Fair Use provides an exception to copyright infringement, 17 U.S.C. § 107. As technology evolves, Fair Use has in various ways expanded as a reflection of technology. First, I will introduce the statute and legal context. Second, we will talk about application of Fair Use.
The Statute – “§ 107. Limitations on exclusive rights: Fair use”
Notwithstanding the provisions of sections 106 and 106A, the fair use of a copyrighted work, including such use by reproduction in copies or phonorecords or by any other means specified by that section, for purposes such as criticism, comment, news reporting, teaching (including multiple copies for classroom use), scholarship, or research, is not an infringement of copyright. In determining whether the use made of a work in any particular case is a fair use the factors to be considered shall include —
- the purpose and character of the use, including whether such use is of a commercial nature or is for nonprofit educational purposes;
- the nature of the copyrighted work;
- the amount and substantiality of the portion used in relation to the copyrighted work as a whole; and
- the effect of the use upon the potential market for or value of the copyrighted work.
The fact that a work is unpublished shall not itself bar a finding of fair use if such finding is made upon consideration of all the above factors.
Additional factors may be considered beyond the four factors listed in the Fair Use Statute.
How does Fair Use fit in the legal landscape? Earlier, some had argued a tension existed between:
- the Constitution’s Patent and Copyright Clause: “To promote the progress of science and useful arts, by securing for limited times to authors and inventors the exclusive right to their respective writings and discoveries;” and
- the First Amendment: “Congress shall make no law…abridging the freedom of speech”.

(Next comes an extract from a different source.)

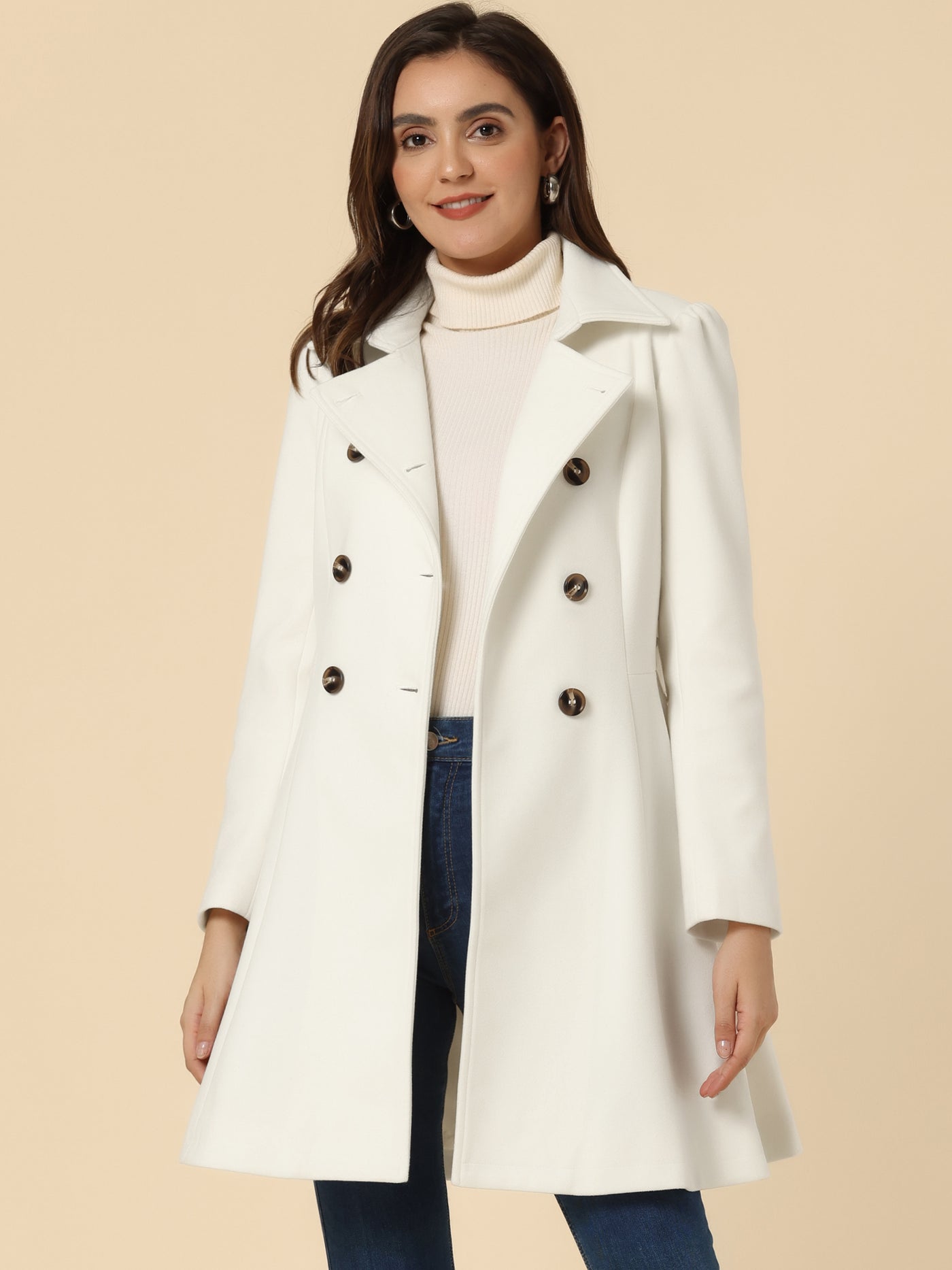 Allegra K Winter Overcoat Turn Down Collar Belted Double Breasted Long Coat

The U.S. Supreme Court in Eldred v. Ashcroft, 537 U.S. 186, 219 (2003) laid to rest any notion of such tension:
The Copyright Clause and First Amendment were adopted close in time. This proximity indicates that, in the Framers’ view, copyright’s limited monopolies are compatible with free speech principles. Indeed, copyright’s purpose is to promote the creation and publication of free expression. As Harper & Row observed: “[T]he Framers intended copyright itself to be the engine of free expression. By establishing a marketable right to the use of one’s expression, copyright supplies the economic incentive to create and disseminate ideas.” 471 U.S., at 558.
In addition to spurring the creation and publication of new expression, copyright law contains built-in First Amendment accommodations. See id., at 560. First, it distinguishes between ideas and expression and makes only the latter eligible for copyright protection. Specifically, 17 U.S.C. § 102(b) provides: “In no case does copyright protection for an original work of authorship extend to any idea, procedure, process, system, method of operation, concept, principle, or discovery, regardless of the form in which it is described, explained, illustrated, or embodied in such work.” As we said in Harper & Row, this “idea/expression dichotomy strike[s] a definitional balance between the First Amendment and the Copyright Act by permitting free communication of facts while still protecting an author’s expression.” 471 U.S., at 556 (internal quotation marks omitted). Due to this distinction, every idea, theory, and fact in a copyrighted work becomes instantly available for public exploitation at the moment of publication. See Feist, 499 U.S., at 349—350.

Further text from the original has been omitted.